Your task: Your task is to copy the listing exactly, with the pictures left out.

##### Data shown #####

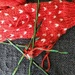 The last stitch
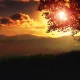 Forest Horizon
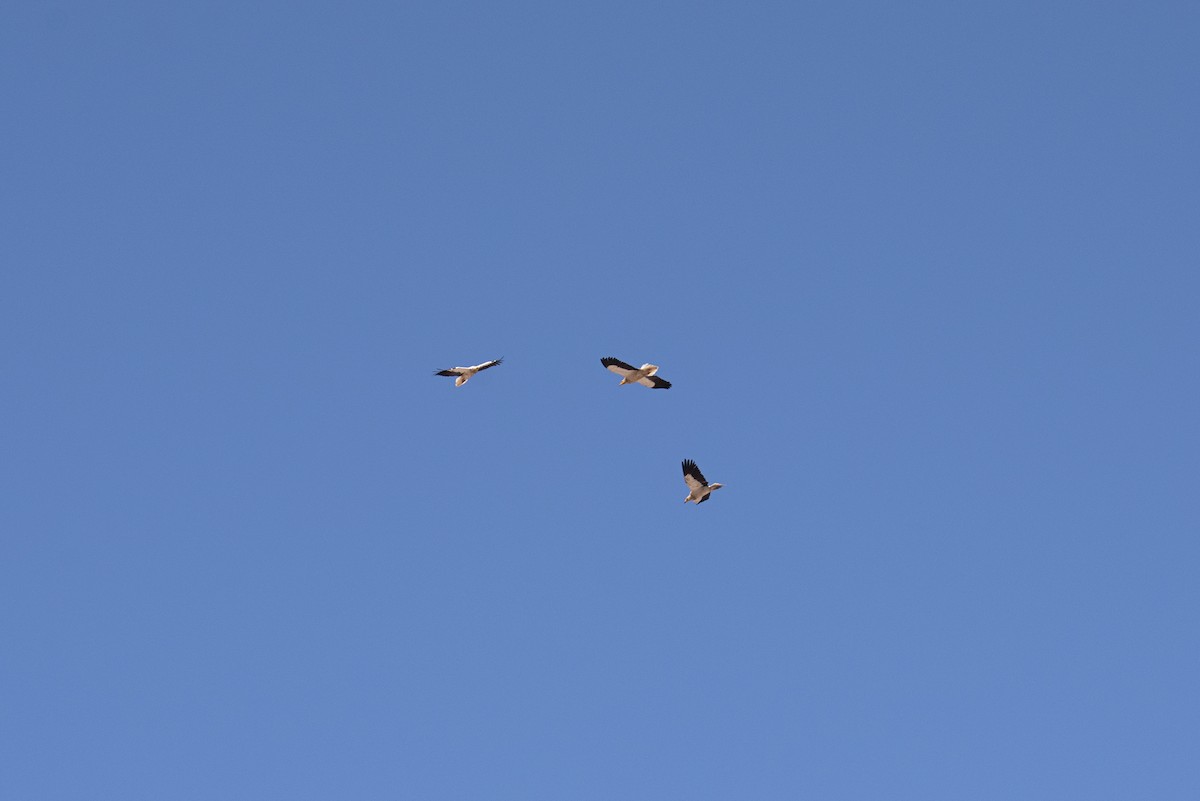 Egyptian Vulture - ML231906781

#####

Solution:
 The last stitch
 Forest Horizon
 Egyptian Vulture - ML231906781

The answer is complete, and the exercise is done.